The pandemic has created a financial nightmare for both federal and state housing authorities: governmental authorities, both federal and local, have mandated requirements to upgrade, improve infrastructure, and maintain service during the pandemic, while at the same time, housing authorities are confronted with a dramatic drop in revenue. However, this set of facts spurs a unique opportunity for housing authorities to innovate, partnering with private sources of equity, utilizing the expertise and financial resources of private developers, who will prepare and process the application for federal low income tax credits (commonly referred to as LIHTC).

Housing authorities have a myriad of options with respect to restructuring ownership, while maintaining continued management and control of the property. These private/public partnerships provide the housing authority with much needed funds as well as creating new ongoing revenue streams, while at the same time, providing upgraded housing for its residents, without burdening local taxpayers.
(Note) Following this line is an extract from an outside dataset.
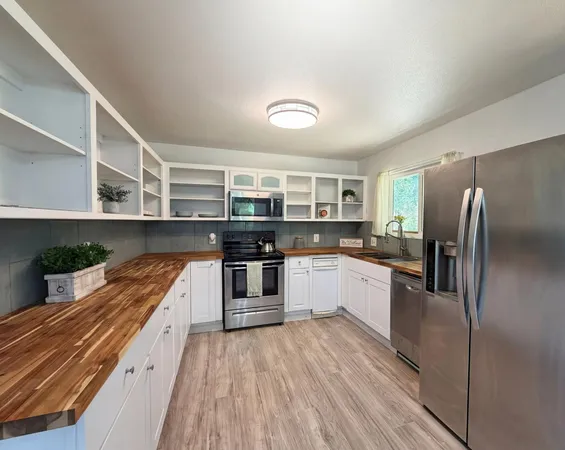 a kitchen with stainless steel appliances a refrigerator and a stove top oven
Depending on the condition of the housing, a property may qualify for a tear down and rebuild, renovation, or if the housing authority is fortunate to own or have the opportunity to acquire vacant land, the opportunity to construct new development. Most developments utilizing this structure are dedicated to projects for qualified seniors or to work force housing, many near the central downtown area of the local municipality.

The infusion of private capital relies on the housing authority partnering with a private developer who will take on the financial risk of construction. The private developer will secure the necessary tax credit investor (i.e., providing the equity), construction funds, and state funds and grants available for projects like these. I will write on this topic often, because there is no question that the times will require most if not all housing authorities repositioning their properties using private sources of funding.